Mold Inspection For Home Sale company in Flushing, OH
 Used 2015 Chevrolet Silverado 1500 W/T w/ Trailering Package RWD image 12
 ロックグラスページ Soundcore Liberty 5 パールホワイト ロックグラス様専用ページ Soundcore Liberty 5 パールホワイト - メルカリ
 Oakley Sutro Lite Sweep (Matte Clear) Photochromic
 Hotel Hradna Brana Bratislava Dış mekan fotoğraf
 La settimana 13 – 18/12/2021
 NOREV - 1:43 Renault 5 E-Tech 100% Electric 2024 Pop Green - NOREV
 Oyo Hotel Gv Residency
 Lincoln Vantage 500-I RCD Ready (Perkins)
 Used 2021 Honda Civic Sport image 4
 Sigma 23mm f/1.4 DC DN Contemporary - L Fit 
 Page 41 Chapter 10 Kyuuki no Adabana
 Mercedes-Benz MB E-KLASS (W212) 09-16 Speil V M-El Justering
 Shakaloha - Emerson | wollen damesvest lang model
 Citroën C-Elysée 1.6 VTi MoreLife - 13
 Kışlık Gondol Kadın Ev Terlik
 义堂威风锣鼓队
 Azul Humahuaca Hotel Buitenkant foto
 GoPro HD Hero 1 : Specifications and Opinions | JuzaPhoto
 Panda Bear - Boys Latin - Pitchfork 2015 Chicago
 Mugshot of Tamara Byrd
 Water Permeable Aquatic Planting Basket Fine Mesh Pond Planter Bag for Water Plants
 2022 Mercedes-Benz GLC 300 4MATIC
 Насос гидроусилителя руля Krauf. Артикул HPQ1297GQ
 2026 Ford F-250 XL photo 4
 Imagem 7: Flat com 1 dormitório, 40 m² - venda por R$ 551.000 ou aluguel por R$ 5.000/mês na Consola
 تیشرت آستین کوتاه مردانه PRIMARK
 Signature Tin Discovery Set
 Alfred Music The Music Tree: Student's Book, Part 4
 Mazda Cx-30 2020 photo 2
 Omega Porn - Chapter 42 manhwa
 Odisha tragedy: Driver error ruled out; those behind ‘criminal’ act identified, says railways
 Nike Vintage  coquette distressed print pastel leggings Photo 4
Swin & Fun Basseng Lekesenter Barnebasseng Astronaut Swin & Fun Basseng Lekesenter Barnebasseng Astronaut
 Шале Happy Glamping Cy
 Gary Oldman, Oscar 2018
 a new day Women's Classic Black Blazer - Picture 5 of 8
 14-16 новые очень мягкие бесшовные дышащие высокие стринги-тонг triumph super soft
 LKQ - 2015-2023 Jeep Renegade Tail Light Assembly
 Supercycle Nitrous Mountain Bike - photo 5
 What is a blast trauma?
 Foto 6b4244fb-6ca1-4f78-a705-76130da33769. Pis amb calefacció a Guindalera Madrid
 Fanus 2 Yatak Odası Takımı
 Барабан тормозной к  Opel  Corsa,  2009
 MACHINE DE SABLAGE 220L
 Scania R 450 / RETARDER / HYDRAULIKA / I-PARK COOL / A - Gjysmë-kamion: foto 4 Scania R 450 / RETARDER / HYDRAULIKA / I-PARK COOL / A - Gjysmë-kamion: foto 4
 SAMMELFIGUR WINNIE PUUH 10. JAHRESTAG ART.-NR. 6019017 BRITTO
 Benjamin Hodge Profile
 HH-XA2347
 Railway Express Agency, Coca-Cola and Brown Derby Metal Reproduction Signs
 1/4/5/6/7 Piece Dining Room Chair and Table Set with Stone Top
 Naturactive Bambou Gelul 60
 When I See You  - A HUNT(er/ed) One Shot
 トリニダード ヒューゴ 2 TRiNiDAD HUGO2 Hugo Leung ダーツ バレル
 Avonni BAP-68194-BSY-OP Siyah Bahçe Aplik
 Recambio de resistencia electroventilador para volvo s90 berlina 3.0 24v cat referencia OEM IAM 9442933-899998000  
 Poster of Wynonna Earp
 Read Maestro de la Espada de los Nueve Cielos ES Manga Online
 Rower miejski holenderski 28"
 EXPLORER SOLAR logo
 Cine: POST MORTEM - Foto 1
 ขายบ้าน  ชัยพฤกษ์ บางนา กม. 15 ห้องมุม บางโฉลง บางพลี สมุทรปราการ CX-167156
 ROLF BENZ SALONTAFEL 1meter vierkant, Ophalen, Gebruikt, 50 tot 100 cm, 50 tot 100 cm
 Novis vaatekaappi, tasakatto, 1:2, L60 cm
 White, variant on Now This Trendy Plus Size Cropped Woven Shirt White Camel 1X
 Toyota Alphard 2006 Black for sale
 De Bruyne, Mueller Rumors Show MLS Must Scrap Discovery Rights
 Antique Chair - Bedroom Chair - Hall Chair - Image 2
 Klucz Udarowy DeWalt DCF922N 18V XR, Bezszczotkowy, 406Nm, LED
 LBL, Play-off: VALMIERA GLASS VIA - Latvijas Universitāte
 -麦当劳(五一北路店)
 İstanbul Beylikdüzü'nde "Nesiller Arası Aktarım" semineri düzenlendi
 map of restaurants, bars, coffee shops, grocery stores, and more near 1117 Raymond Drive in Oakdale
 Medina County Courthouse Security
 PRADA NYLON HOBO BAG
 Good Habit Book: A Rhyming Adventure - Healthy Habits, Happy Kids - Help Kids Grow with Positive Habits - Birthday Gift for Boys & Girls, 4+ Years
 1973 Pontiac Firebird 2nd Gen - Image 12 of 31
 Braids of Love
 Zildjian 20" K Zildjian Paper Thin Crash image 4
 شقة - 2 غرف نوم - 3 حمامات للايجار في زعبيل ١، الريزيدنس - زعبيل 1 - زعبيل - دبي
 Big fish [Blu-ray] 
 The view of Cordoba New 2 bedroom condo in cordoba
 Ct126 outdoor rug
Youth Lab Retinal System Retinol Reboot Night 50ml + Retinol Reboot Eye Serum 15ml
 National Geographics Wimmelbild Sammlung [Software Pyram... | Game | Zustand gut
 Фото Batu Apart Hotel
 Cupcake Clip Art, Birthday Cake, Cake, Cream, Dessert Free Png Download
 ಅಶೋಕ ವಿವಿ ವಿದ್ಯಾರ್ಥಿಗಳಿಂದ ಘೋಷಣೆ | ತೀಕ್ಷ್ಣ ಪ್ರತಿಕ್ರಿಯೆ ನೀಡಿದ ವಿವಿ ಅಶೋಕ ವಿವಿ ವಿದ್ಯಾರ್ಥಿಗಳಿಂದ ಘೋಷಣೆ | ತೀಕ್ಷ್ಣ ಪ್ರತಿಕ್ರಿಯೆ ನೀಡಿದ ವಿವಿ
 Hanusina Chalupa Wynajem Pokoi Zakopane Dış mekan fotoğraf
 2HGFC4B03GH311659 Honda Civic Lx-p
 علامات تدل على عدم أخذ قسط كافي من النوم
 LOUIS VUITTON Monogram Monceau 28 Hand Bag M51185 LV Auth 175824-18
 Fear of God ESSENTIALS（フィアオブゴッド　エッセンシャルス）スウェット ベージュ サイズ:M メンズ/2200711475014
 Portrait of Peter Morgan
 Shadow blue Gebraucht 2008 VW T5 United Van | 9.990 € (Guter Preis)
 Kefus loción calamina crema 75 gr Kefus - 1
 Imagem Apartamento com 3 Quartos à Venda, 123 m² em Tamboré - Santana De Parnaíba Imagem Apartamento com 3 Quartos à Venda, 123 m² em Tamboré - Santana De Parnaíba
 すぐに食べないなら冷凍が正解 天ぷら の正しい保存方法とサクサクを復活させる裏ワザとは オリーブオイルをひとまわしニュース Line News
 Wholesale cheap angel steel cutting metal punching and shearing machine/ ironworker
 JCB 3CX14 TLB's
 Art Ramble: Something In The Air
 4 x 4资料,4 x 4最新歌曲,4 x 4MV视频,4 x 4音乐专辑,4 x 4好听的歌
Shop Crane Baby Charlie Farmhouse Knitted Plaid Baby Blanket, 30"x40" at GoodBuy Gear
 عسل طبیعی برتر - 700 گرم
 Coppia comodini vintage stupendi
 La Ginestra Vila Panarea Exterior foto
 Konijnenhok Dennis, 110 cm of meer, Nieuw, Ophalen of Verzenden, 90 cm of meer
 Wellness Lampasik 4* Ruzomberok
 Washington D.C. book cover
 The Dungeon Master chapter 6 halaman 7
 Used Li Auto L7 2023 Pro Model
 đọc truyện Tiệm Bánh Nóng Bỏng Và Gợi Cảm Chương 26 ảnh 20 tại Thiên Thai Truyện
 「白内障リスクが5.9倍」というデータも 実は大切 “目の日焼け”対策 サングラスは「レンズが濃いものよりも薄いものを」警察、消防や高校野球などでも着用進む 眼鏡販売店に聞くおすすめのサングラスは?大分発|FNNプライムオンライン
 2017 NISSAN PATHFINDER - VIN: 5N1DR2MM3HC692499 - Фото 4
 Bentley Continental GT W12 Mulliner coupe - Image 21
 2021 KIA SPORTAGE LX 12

== == ==

## What is being asked
Go through the records from the first line and copy each one exactly, ending after the line that contains "Page 41 Chapter 10 Kyuuki no Adabana". Give nothing else.

## Response
Mold Inspection For Home Sale company in Flushing, OH
 Used 2015 Chevrolet Silverado 1500 W/T w/ Trailering Package RWD image 12
 ロックグラスページ Soundcore Liberty 5 パールホワイト ロックグラス様専用ページ Soundcore Liberty 5 パールホワイト - メルカリ
 Oakley Sutro Lite Sweep (Matte Clear) Photochromic
 Hotel Hradna Brana Bratislava Dış mekan fotoğraf
 La settimana 13 – 18/12/2021
 NOREV - 1:43 Renault 5 E-Tech 100% Electric 2024 Pop Green - NOREV
 Oyo Hotel Gv Residency
 Lincoln Vantage 500-I RCD Ready (Perkins)
 Used 2021 Honda Civic Sport image 4
 Sigma 23mm f/1.4 DC DN Contemporary - L Fit 
 Page 41 Chapter 10 Kyuuki no Adabana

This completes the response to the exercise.